Task item: I need every line from the start of the material below up to and including the line containing "Damascus Steel Ancient", restated exactly, with the pictures omitted.

Data below:
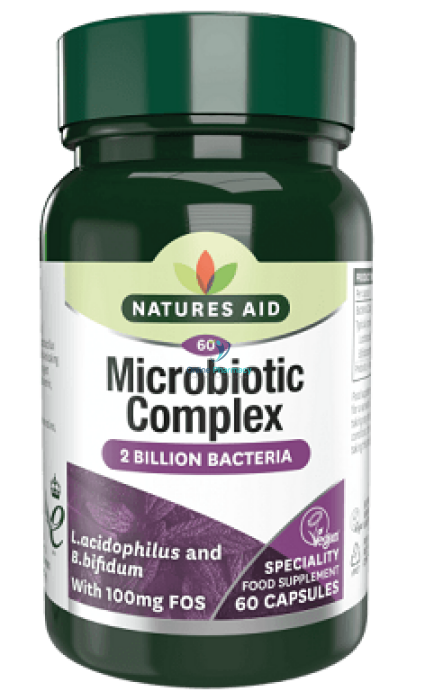 Natures Aid Microbiotic Complex - 60 Caps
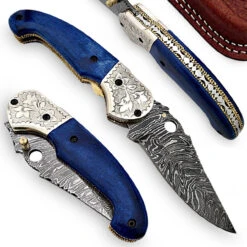 Damascus Steel Ancient Origins Handmade Pocket Knife -Daggers Store DM2041 45008.1564503950
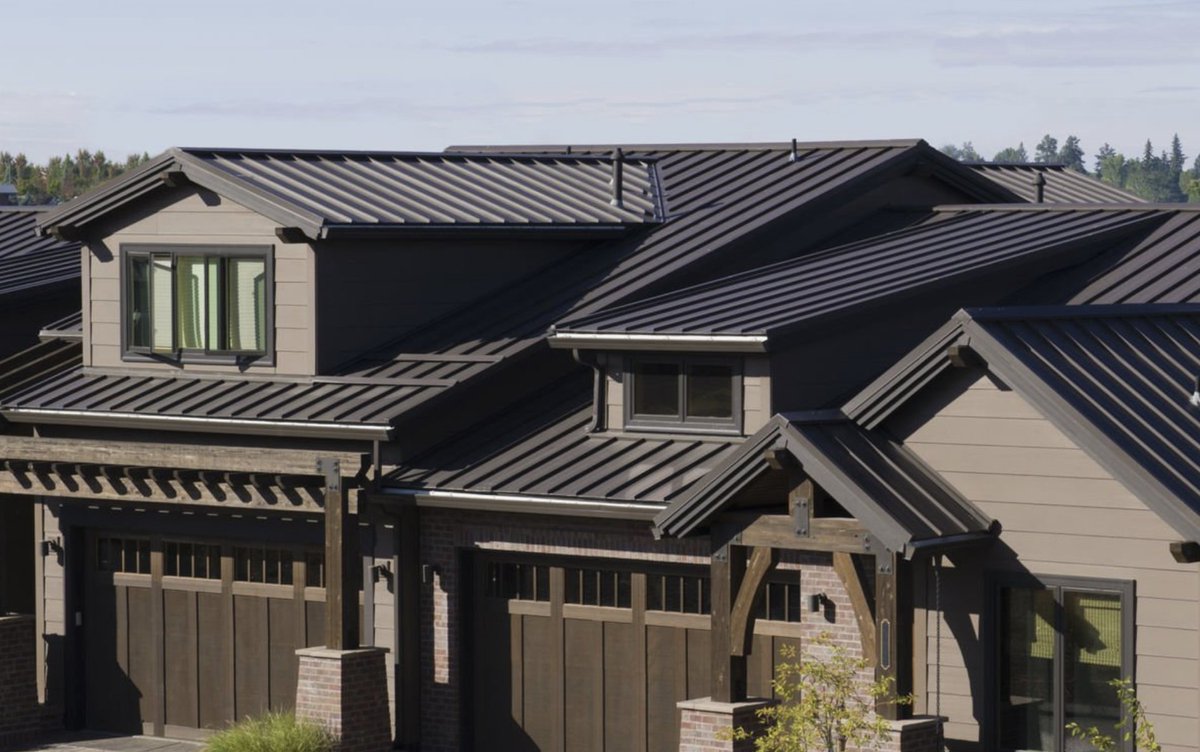 With our standing-seam roofing systems, you’ll get sleek, fastener-minimal panels that lock together tight for superior weather resistance. Available in 45 colors and engineered for durability, they’re perfect for all types of roofing projects. Learn more: chicagometalsupply.com/standing-seam-…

Exercise result:
 Natures Aid Microbiotic Complex - 60 Caps
 Damascus Steel Ancient Origins Handmade Pocket Knife -Daggers Store DM2041 45008.1564503950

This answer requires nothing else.